ROANOKE TIMES

                         Roanoke Times
                 Copyright (c) 1995, Landmark Communications, Inc.

DATE: SUNDAY, June 4, 1995                   TAG: 9506020030
SECTION: EXTRA                    PAGE: 5   EDITION: METRO 
SOURCE: JOE WHEELAN ASSOCIATED PRESS
DATELINE: DENVER                                LENGTH: Medium


RARE BOOKS, MURDER, RAINY SEATTLE ARE JOHN DUNNING'S WORLD

In John Dunning's world of rare books and obsessive book collectors, a valued edition of Poe's ``The Raven'' can set off a serial killer and put cop-turned-bookman Cliff Janeway on his trail.

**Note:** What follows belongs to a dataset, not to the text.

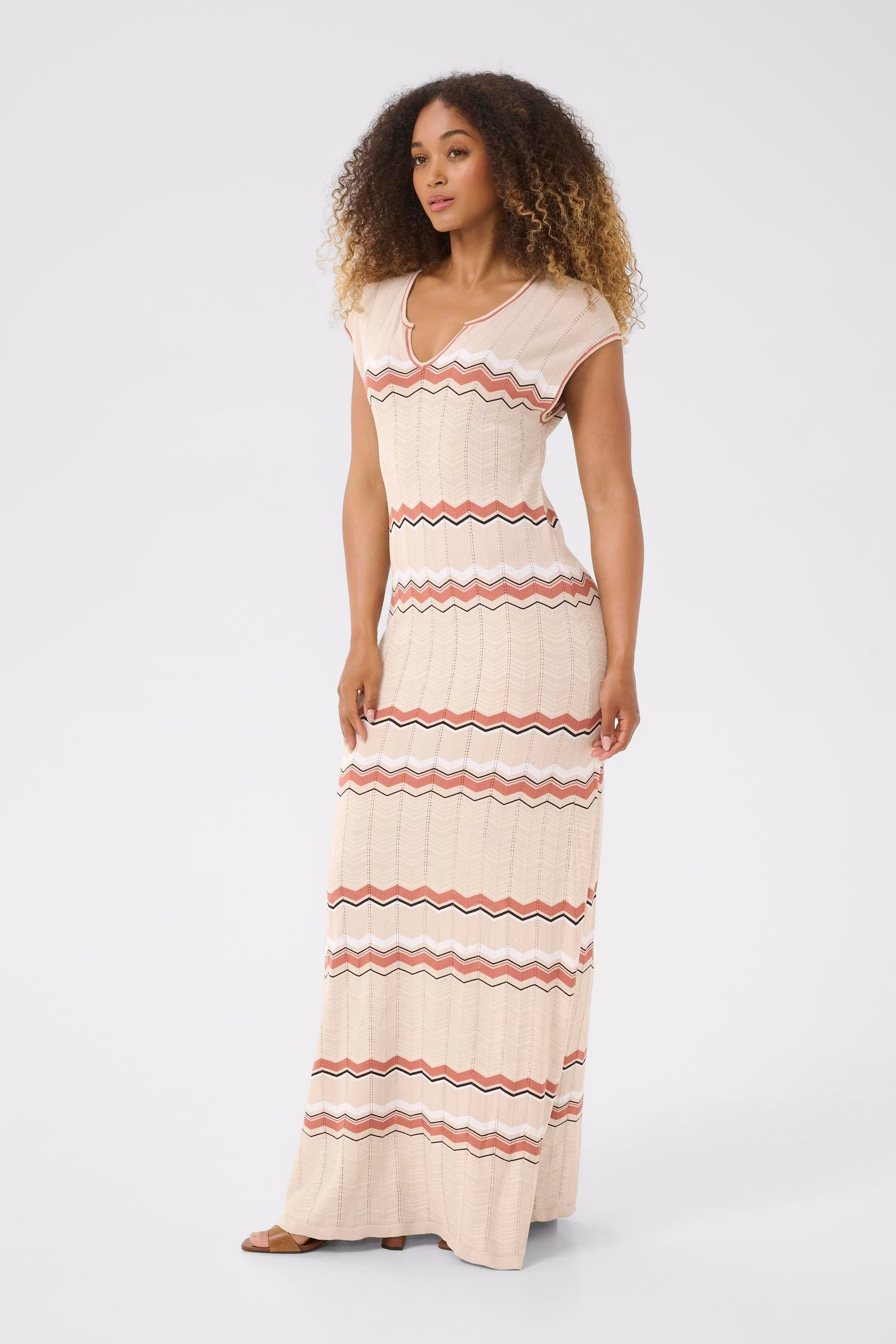 CRTommin Jurk LOOKBOOK FRONT 10613761-107635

Like his 1992 Janeway mystery, ``Booked to Die,'' Dunning's second books-and-murder excursion, ``The Bookman's Wake'' (Scribner), is a pleasurably suspenseful journey laced with plenty of book lore. The quest for the rare ``Raven'' is a fast-paced treasure hunt played out in Seattle's rainy streets, a shift from the Denver setting of ``Booked to Die.''

Dunning, a former antiquarian bookstore owner and ex-newspaper reporter, said in an interview that for plot reasons, he had to send Janeway somewhere, and he knows and likes Seattle. ``It couldn't be Denver again,'' he said.

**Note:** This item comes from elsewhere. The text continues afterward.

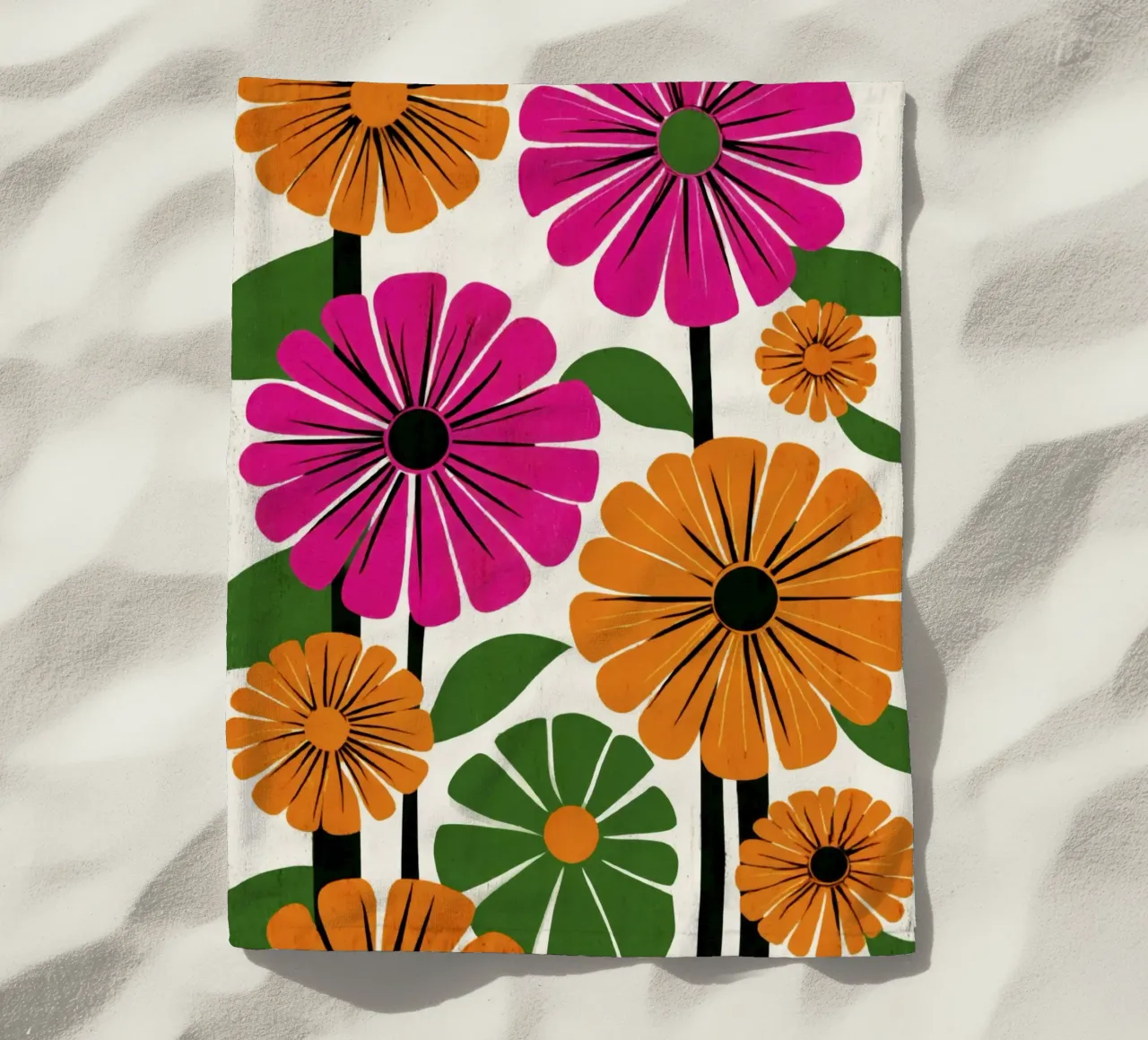 Forme botaniche astratte in un mix di colori retrò telo mare da Modern Muse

Janeway leaves his peaceful Denver bookstore when a swaggering former colleague from Janeway's Denver Police Department days lays out an intriguing proposal. He offers Janeway $5,000 to pick up a young woman in Seattle who broke into a home in Taos, N.M. - and far more if he can recover the copy of ``The Raven'' she allegedly stole.

The book, published by the legendary Grayson Press, doesn't exist in any bibliography; the Grayson brothers died in a fire near Seattle in 1969, the same year the book supposedly was printed.

Janeway doesn't believe the book exists at first, but, fascinated by the Grayson legacy, he goes to Seattle anyway and finds everything tinged with ambiguity and danger.

There is a sinister private detective named Pruitt who is so adept at shadowing people that he is nicknamed ``Darkman.'' There are the loyal former Grayson assistants who worshipfully guard the flame of the brothers' memory, and the savvy newswoman who wrote a book about the brothers and has some intriguing theories about how they lived and died.

And frightened, young Eleanor Rigby, the woman Janeway is assigned to escort back to Taos, has secrets of her own and turns out to be a kindred spirit when it comes to books. She and Janeway embark on a memorable day-long book-scouting odyssey through Seattle's used bookstores before he loses her on the way to the airport.

A serial killer in hiatus for 20 years begins his bloody work again, and the race to find the ``Raven'' converges with the mystery behind the master craftsman who supposedly published it. The climax is as satisfying as the chase leading to it.

Dunning, a skilled weaver of dialogue, suspense and plot, generously dispenses book tradecraft throughout ``Bookman's Wake,'' describing how to identify a first edition, the ins and outs of small-time fine book publishing and the idiosyncratic pricing of used books.

Readers become acquainted with book scouting's visceral rewards, too:

``Book scouting gives you the same kinds of thrills as gambling. You flirt with the lady in much the same way. You get hot and the books won't stop coming: you get cold and you might as well be playing pinochle with your mother-in-law.''

Dunning, 52, an expert on rare books who got out of the bookstore business to spend more time writing, does most of his work beginning at 4 a.m. behind a 1964 Hermes manual typewriter.

``I find it the best time creatively,'' he said. ``I believe most of the book is written subconsciously, when the heart isn't beating and the coffee isn't bubbling yet.''

Dunning is an aficionado of old-time radio. He has a library of 35,000 programs from the Golden Age of Radio that he plays on his Sunday night Denver radio show.

His show-by-show encyclopedia of network radio from 1926 to 1962, ``Tune in Yesterday,'' is due from Oxford University Press next year.